Aim of the task
Below this line are records; transcribe exactly the lines between the one holding "How to test Joomla 6 REST API using Postman" and the one holding "Cover of: Überlieferungsgeschichtliche", inclusive, and omit the pictures.

Records for the task
○ ○ ○

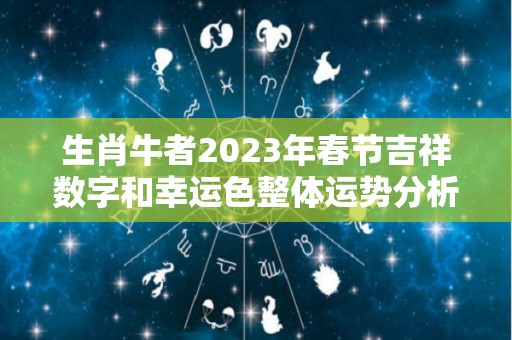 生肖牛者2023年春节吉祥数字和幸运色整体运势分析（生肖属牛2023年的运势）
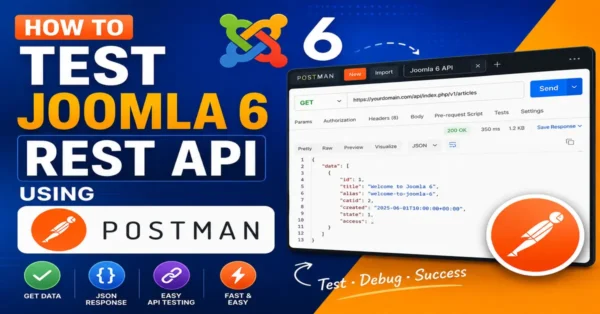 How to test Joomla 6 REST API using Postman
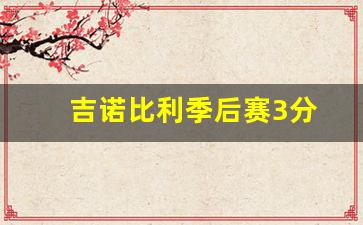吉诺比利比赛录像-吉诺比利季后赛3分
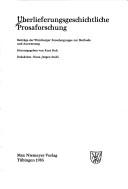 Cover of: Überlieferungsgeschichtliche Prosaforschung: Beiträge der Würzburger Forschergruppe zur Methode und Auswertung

○ ○ ○

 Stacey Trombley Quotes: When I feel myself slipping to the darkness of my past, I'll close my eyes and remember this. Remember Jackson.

○ ○ ○

Exercise output
 How to test Joomla 6 REST API using Postman
吉诺比利比赛录像-吉诺比利季后赛3分
 Cover of: Überlieferungsgeschichtliche Prosaforschung: Beiträge der Würzburger Forschergruppe zur Methode und Auswertung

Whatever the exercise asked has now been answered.